Kyoto, Japan -- During the midday Friday prayer hours on 28 March 2025, a magnitude 7.7 earthquake struck central Myanmar along the Sagaing Fault. With an epicenter close to Mandalay, the country's second-largest city, it was the most powerful earthquake to strike Myanmar in more than a century and the second deadliest in its modern history.
The cause was a strike-slip fault, in which two masses of earth "slip" past each other horizontally along a vertical fault plane. To an observer, it would look like the ground were split in two along a defined line, with both sides being wrenched past each other in opposite directions.
Previous seismological studies have inferred pulse-like rupture behavior and curved slip paths from the analysis of seismic data.

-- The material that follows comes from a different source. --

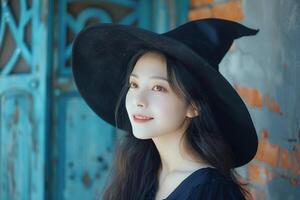A woman wearing a witch hat photo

However, because the recording instruments were at a considerable distance from the fault itself, these findings were indirect.
This time, however, a CCTV camera caught this slip in action, presenting a unique opportunity for a team researchers at Kyoto University to study the fault motion in real time.
The team applied a technique known as pixel cross-correlation to the CCTV footage to analyze the fault's movement frame-by-frame. Their analysis reveals that the fault slipped sideways 2.5 meters in just 1.3 seconds, with a maximum speed of 3.2 meters per second. The total sideways movement recorded during this earthquake is typical of strike-slip ruptures, but the short duration of the fault slip is a major discovery.
"The brief duration of motion confirms a pulse-like rupture, characterized by a concentrated burst of slip propagating along the fault, much like a ripple traveling down a rug when flicked from one end," says corresponding author Jesse Kearse.
The team's analysis also proves that the slip path was subtly curved, a finding which aligns with previous geological observations from faults around the world. This may suggest that such slips are typically curved, as opposed to being completely linear.
The study demonstrates that video-based monitoring of faults is a powerful tool for seismology, enabling unprecedented insights into earthquake behavior. Capturing this level of detail is fundamental to improving our understanding of earthquake processes and enhancing our ability to anticipate the ground shaking expected in future large events.
"We did not anticipate that this video record would provide such a rich variety of detailed observations. Such kinematic data is critical for advancing our understanding of earthquake source physics," says Kearse.
The next phase of their research will utilize physics-based models to investigate the factors that control fault behavior as revealed by this analysis.